- _TASK BRIEF_:
Set down, exactly as written, the line containing "Ford Mondeo VINGALE , MEHV hybrid thumbnail" and all the lines that follow it to the end of the entries below, omitting every picture.

======== DATA TO EXAMINE ========

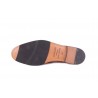 TASSEL MOCASSINO CON NAPPINE DOUCAL'S DU1080PANAUF068 TM00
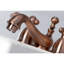 Robinet de salle de bain Kingston-47351651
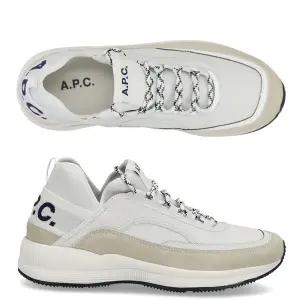 [아페쎄] 런 어라운드 PAACT M56084 AAB_M 아페쎄 남여 공용 스니커즈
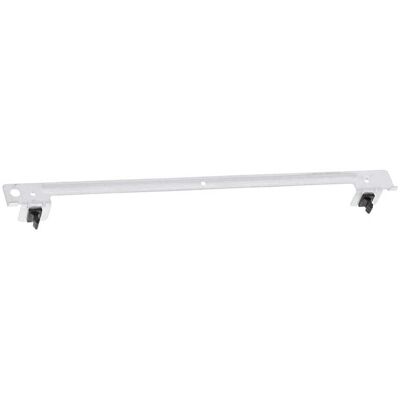 AEG bevestigingshoek, montageset, kader 4055506531 AEG bevestigingshoek, montageset, kader 4055506531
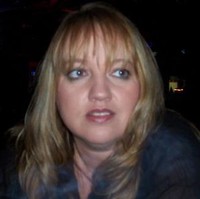 Lisa Smith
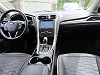 Ford Mondeo VINGALE , MEHV hybrid thumbnail
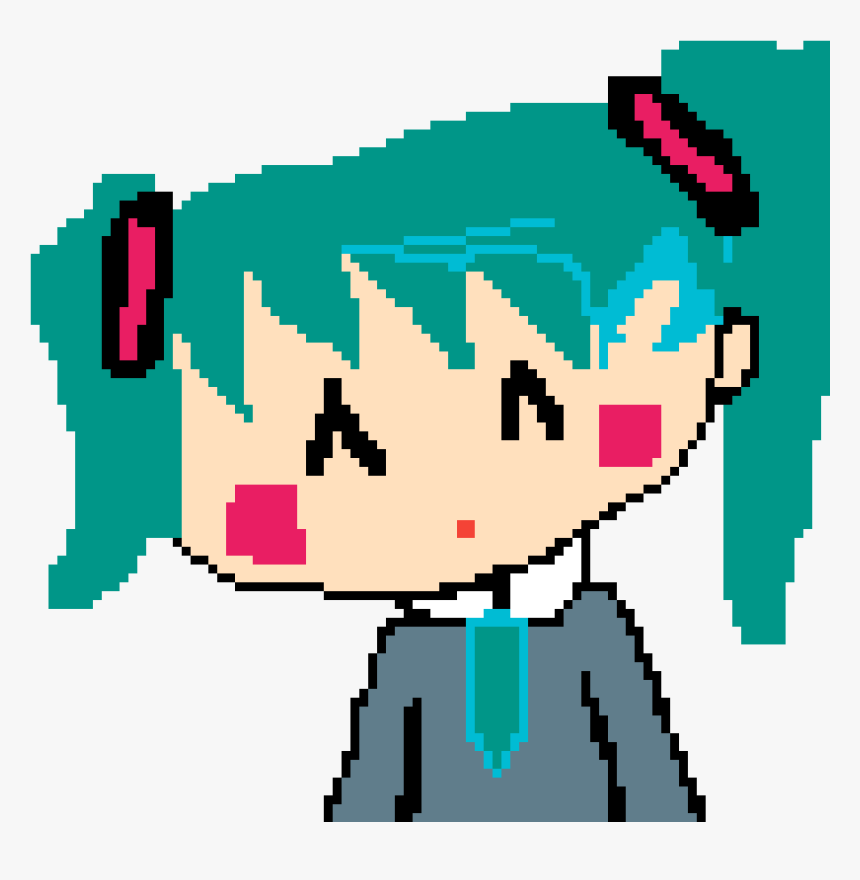 Clip Art, HD Png Download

========

- _EXERCISE SOLUTION_:
 Ford Mondeo VINGALE , MEHV hybrid thumbnail
 Clip Art, HD Png Download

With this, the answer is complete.